Directions -
Only the lines from the one containing "Leksands Gracen Hirschy" through the one containing "Bright Silver Metallic" should be printed, exactly as they appear below, with both ends included.

--- START ---

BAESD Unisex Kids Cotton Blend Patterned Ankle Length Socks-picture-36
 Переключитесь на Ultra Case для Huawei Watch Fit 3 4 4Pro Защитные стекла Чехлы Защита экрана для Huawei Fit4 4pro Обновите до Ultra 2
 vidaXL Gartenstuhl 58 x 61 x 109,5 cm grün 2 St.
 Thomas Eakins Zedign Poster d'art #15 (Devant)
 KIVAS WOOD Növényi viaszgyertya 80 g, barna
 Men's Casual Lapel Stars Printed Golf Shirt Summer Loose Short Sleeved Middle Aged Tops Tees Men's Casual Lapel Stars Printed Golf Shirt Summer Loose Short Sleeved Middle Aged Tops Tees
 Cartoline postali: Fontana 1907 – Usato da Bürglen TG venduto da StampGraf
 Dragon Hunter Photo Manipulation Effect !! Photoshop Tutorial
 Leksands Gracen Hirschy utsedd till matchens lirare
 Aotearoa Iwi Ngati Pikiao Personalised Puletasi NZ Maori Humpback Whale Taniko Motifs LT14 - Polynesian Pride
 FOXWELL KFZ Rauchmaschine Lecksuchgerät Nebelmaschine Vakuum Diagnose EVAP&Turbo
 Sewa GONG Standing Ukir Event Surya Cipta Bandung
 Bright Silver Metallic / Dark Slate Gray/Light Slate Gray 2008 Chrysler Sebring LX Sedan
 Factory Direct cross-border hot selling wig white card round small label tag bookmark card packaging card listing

--- END ---

Task answer -
 Leksands Gracen Hirschy utsedd till matchens lirare
 Aotearoa Iwi Ngati Pikiao Personalised Puletasi NZ Maori Humpback Whale Taniko Motifs LT14 - Polynesian Pride
 FOXWELL KFZ Rauchmaschine Lecksuchgerät Nebelmaschine Vakuum Diagnose EVAP&Turbo
 Sewa GONG Standing Ukir Event Surya Cipta Bandung
 Bright Silver Metallic / Dark Slate Gray/Light Slate Gray 2008 Chrysler Sebring LX Sedan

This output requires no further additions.